- EXERCISE DETAILS
Please output only the lines running from the one that contains "Colours Memory Game" through the last line of the data below, exactly as they stand, with no pictures.

(Dataset records)

§

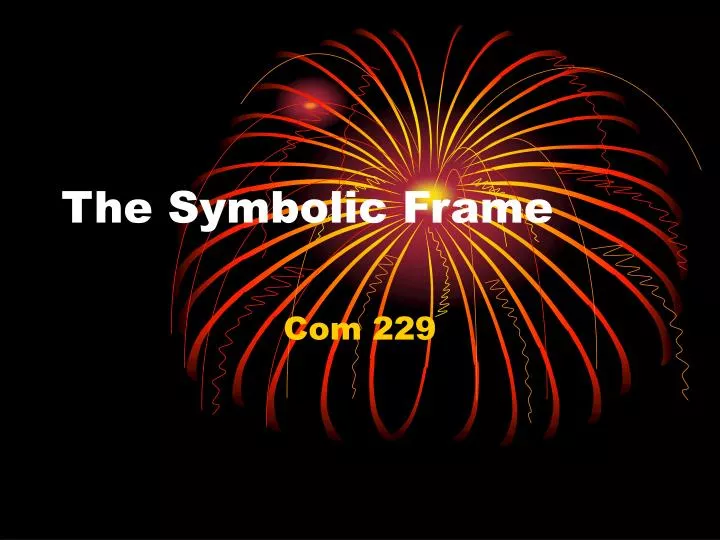 the symbolic frame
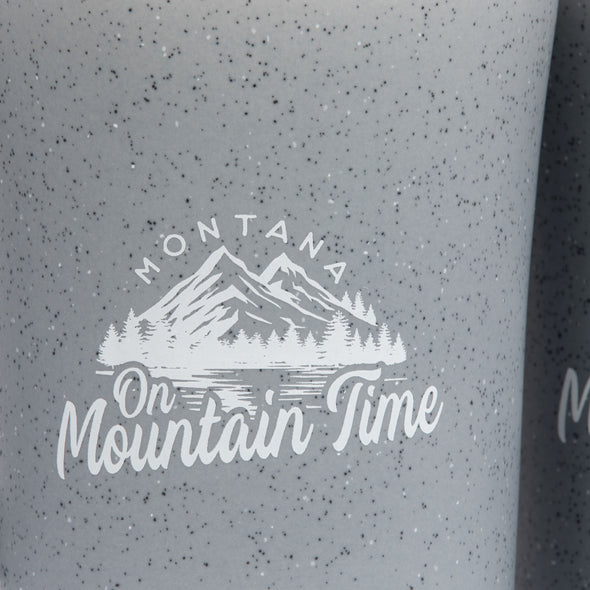 On Mountain Time Speckle Mug in Grey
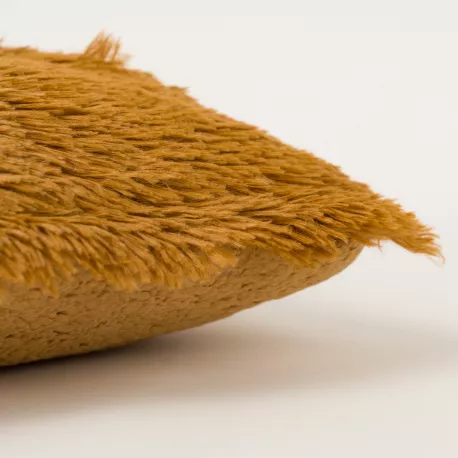 Almofada pelo sherpa lisa 45x45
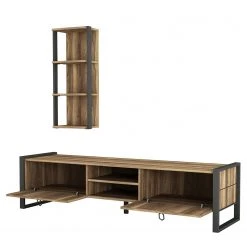 Red Living Wohnkombination Lando (2-teilig) - Walnuss Dekor / Grau -Wohnzimmermöbel boutique en ligne 1000314893 211214 13383300151 DETAILS P000000001000314893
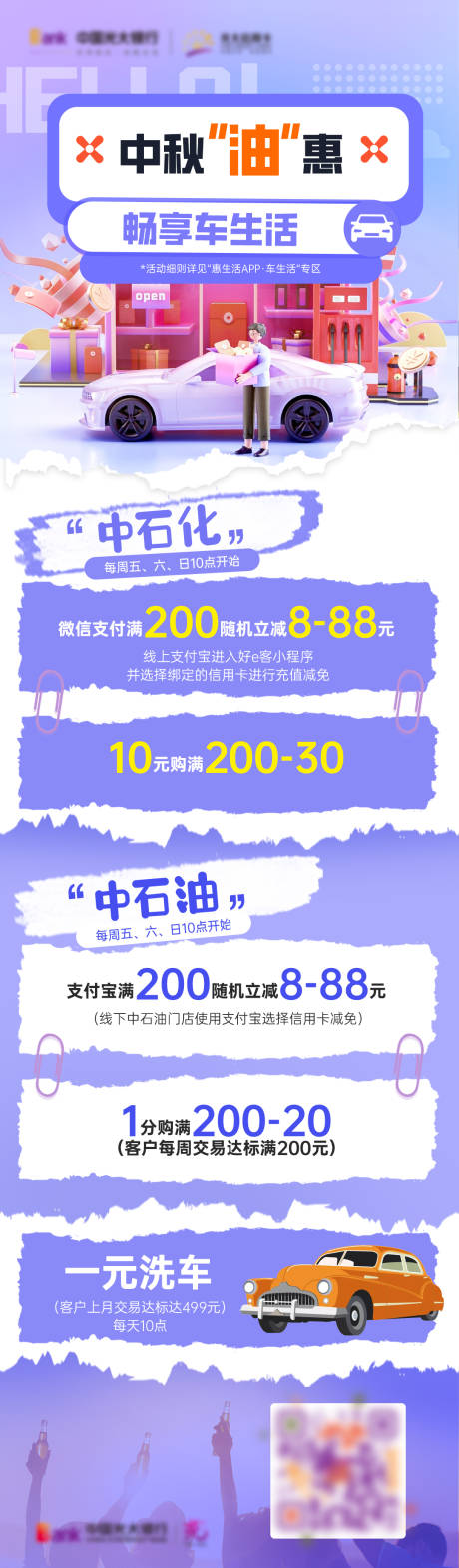 加油优惠海报
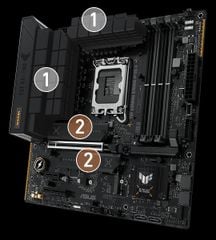 Mainboard ASUS TUF GAMING B760M PLUS II D5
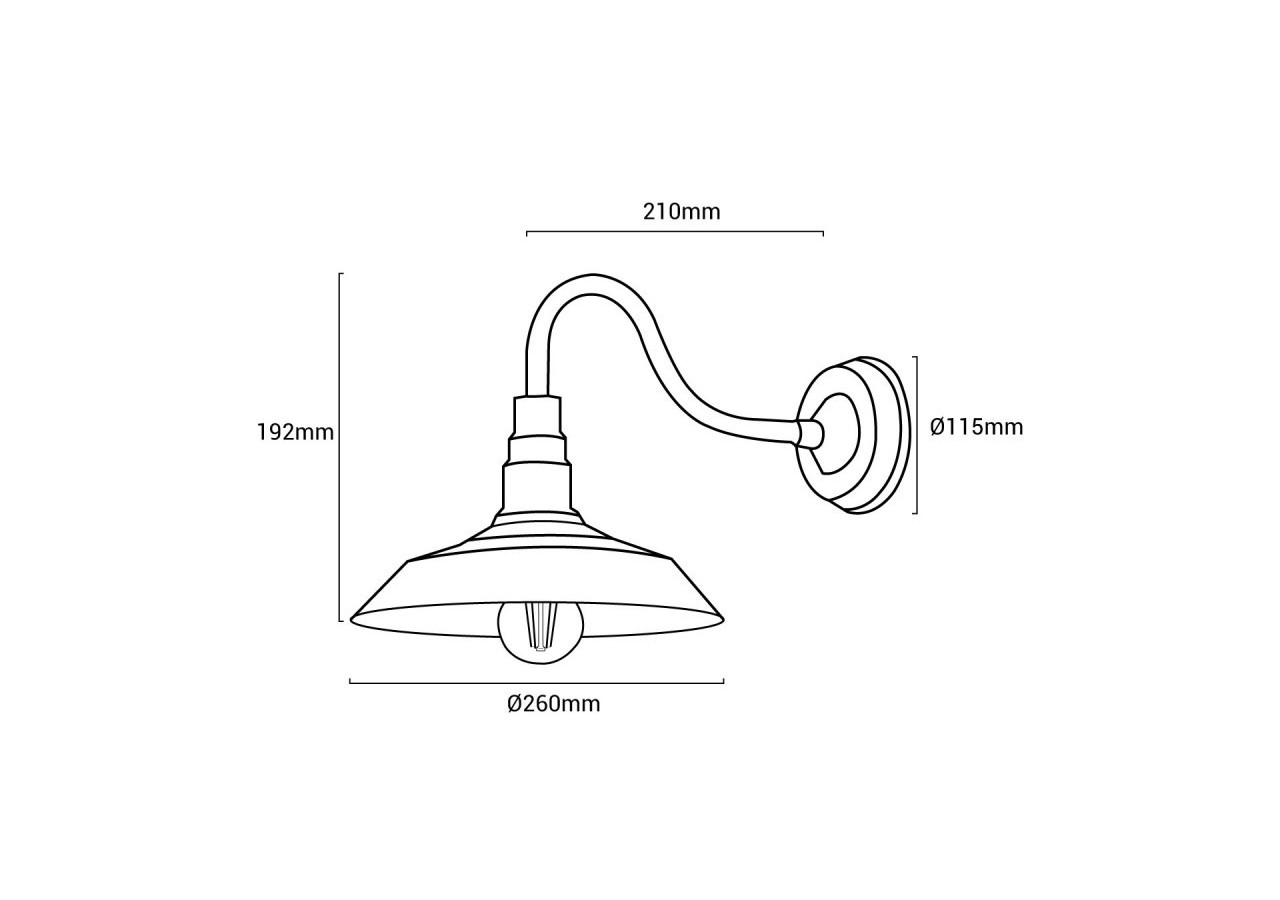 Applique murale vintage "Roc" - L3042-GR - Barcelona LED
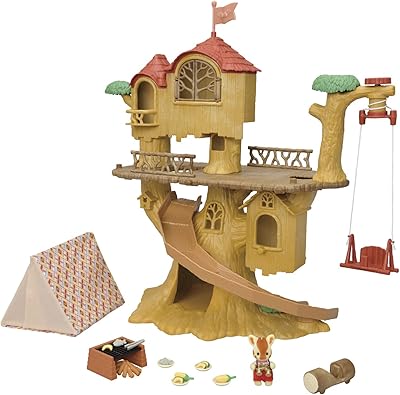 Coffret cadeau calico critters adventure treehouse - édition camping, ensemble de jeu pour maison de poupée avec figurine et accessoires. Notre boutique en ligne propose une grande variété de produits, allant de l'électronique à la mode, en passant par les produits alimentaires et les articles de maison. Nous nous efforçons de vous offrir les meilleurs prix et les produits de haute qualité pour vous satisfaire. Chez DIAYTAR COTE D'IVOIRE, nous sommes fiers de notre service client de haute qualité.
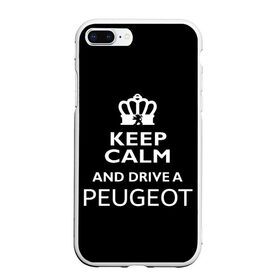 Чехол для iPhone 7Plus/8 Plus матовый с принтом Drive a Peugeot! в Санкт-Петербурге, Силикон | Область печати: задняя сторона чехла, без боковых панелей | Тематика изображения на принте: car | keep calm | peugeot | авто | автомобиль | водитель | гонщик | королевский | король | корона | лев | любитель | марка | машина | пежо | подарок | рейсер | сохраняй спокойствие | тачка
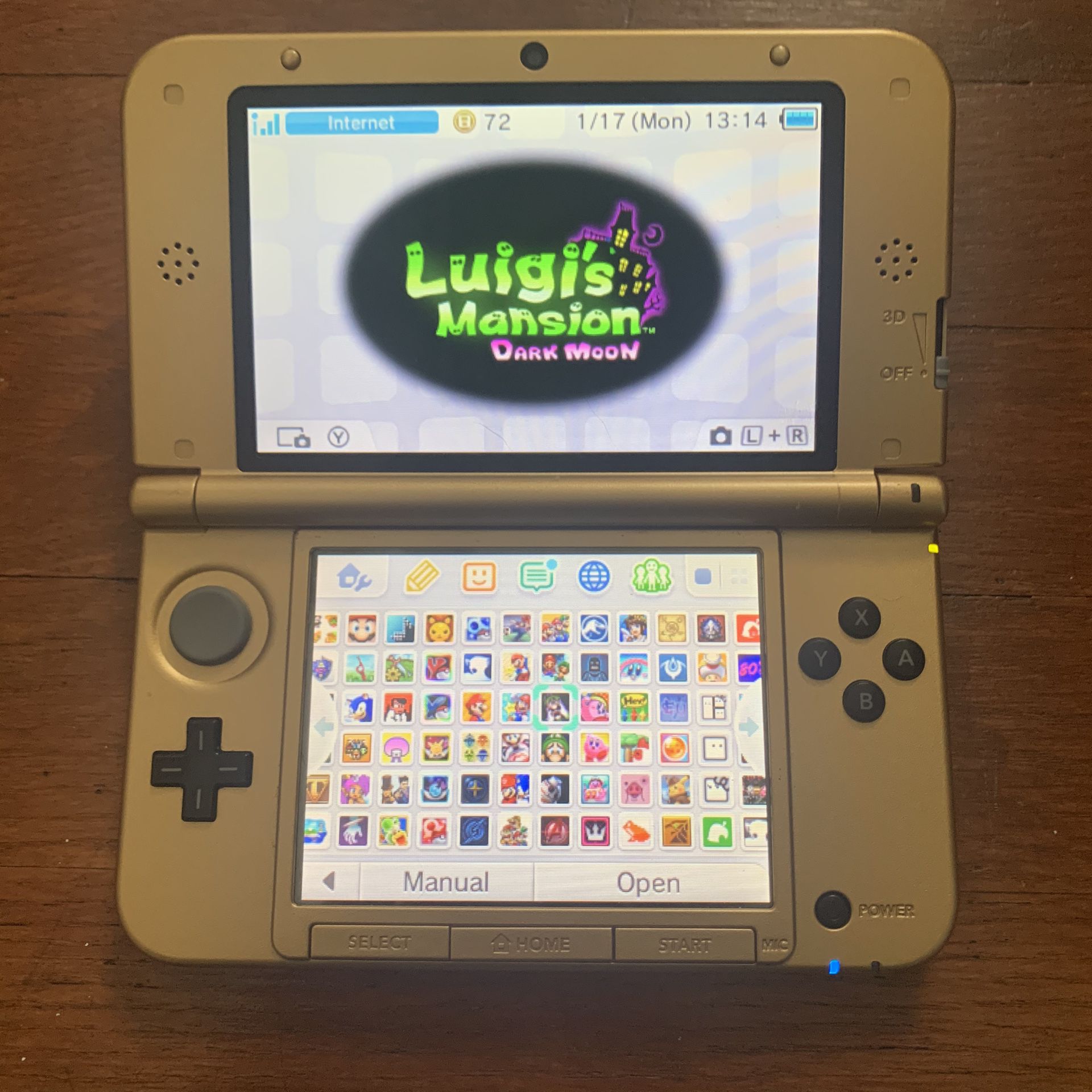 Modded 3ds xl 128gb 70+ games pre installed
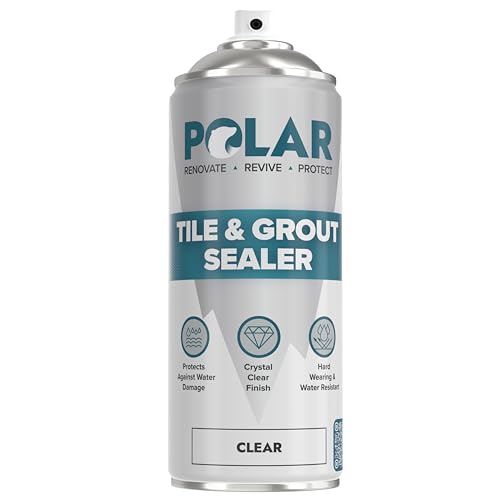 Polar Tile & Grout Clear Sealer Spray - 1 x 400ml...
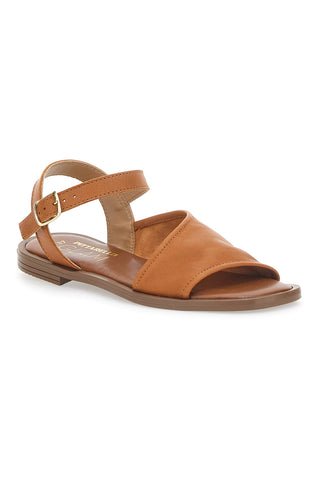 Sandali Flat Pittarello Glam 14913 Usnje Pravo usnje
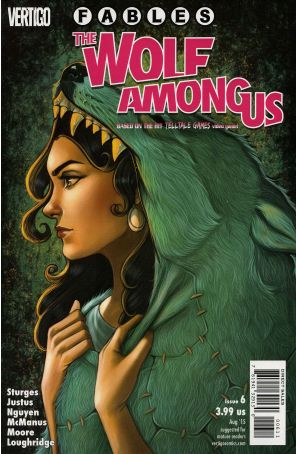 Fables: The Wolf Among Us 6 published by DC/Vertigo with cover art by Chrissie Zullo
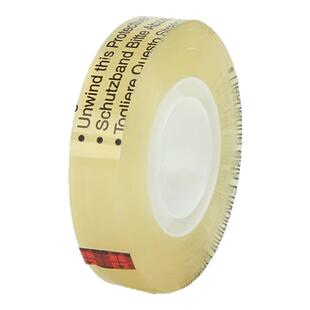 3M胶带 透明双面胶带Scotch思高665 12.7mm*22.8m透明双面胶 思高正品文具137无痕高粘隐形美国双面胶带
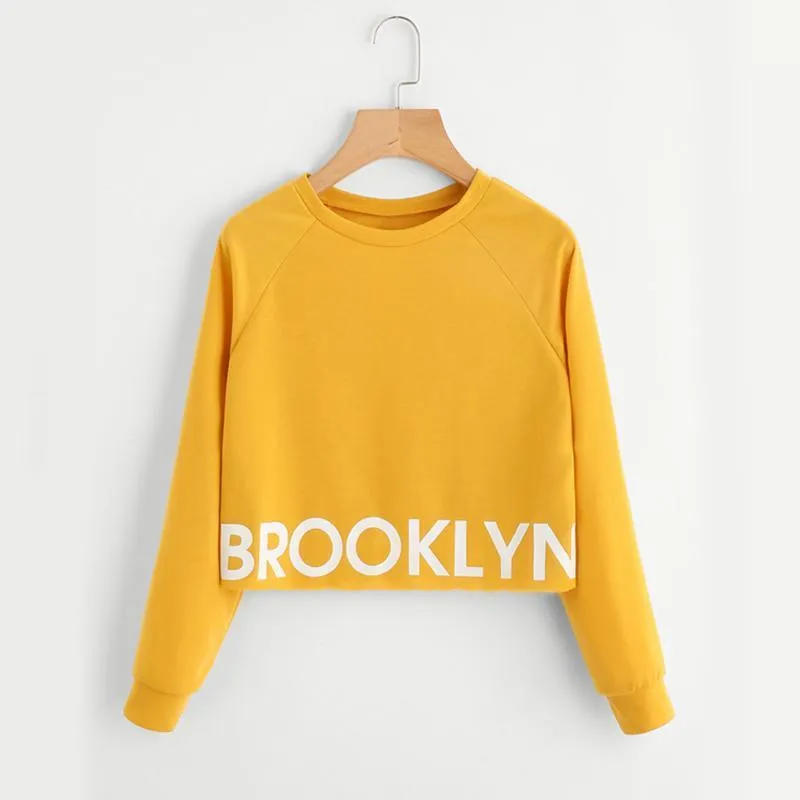 'BROOKLYN' Crop Sweatshirt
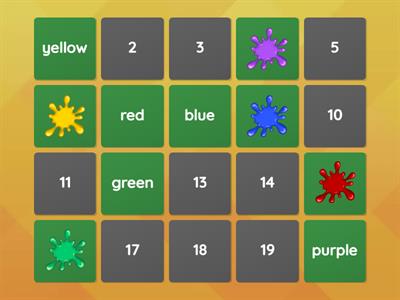 Colours Memory Game
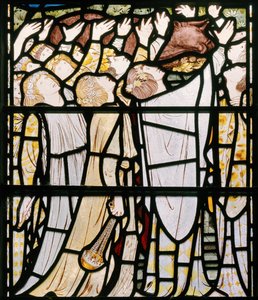 Élie et les prêtres de Baal (détail) - Edward Burne Jones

§

- WRITTEN RESPONSE
 Colours Memory Game
 Élie et les prêtres de Baal (détail) - Edward Burne Jones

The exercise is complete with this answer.